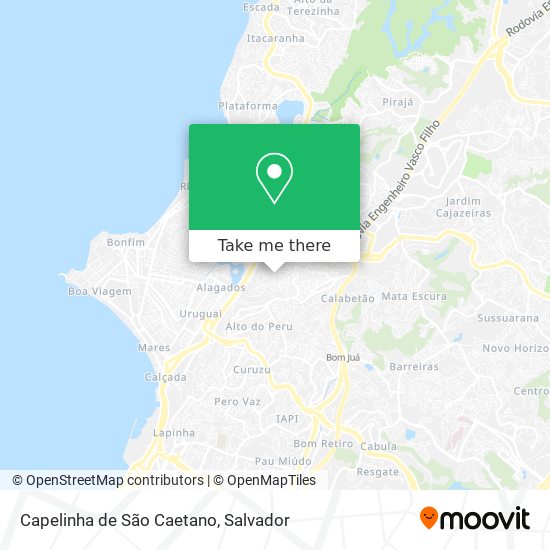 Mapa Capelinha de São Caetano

===============

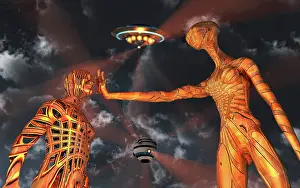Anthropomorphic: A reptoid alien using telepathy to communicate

===============

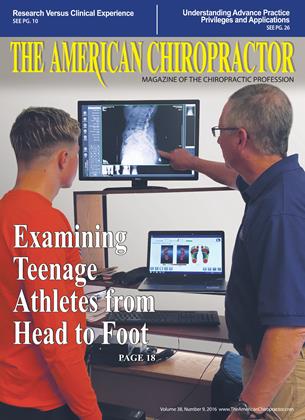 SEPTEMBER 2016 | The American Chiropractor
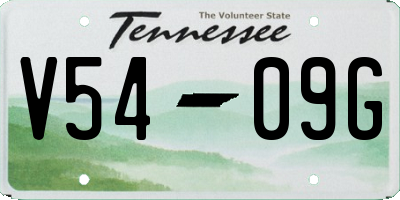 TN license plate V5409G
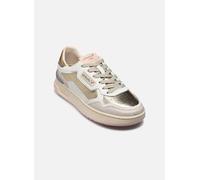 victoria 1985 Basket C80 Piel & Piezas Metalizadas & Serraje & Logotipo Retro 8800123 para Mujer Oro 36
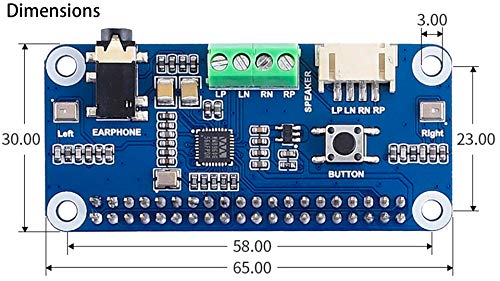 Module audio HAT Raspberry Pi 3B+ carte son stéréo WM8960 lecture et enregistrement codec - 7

===============

BRIEF: In the material above, one part opens with the line containing "TN license plate V5409G" and closes with the line containing "Module audio HAT". Write out that part exactly and skip its pictures.

EXERCISE ANSWER:
 TN license plate V5409G
 victoria 1985 Basket C80 Piel & Piezas Metalizadas & Serraje & Logotipo Retro 8800123 para Mujer Oro 36
 Module audio HAT Raspberry Pi 3B+ carte son stéréo WM8960 lecture et enregistrement codec - 7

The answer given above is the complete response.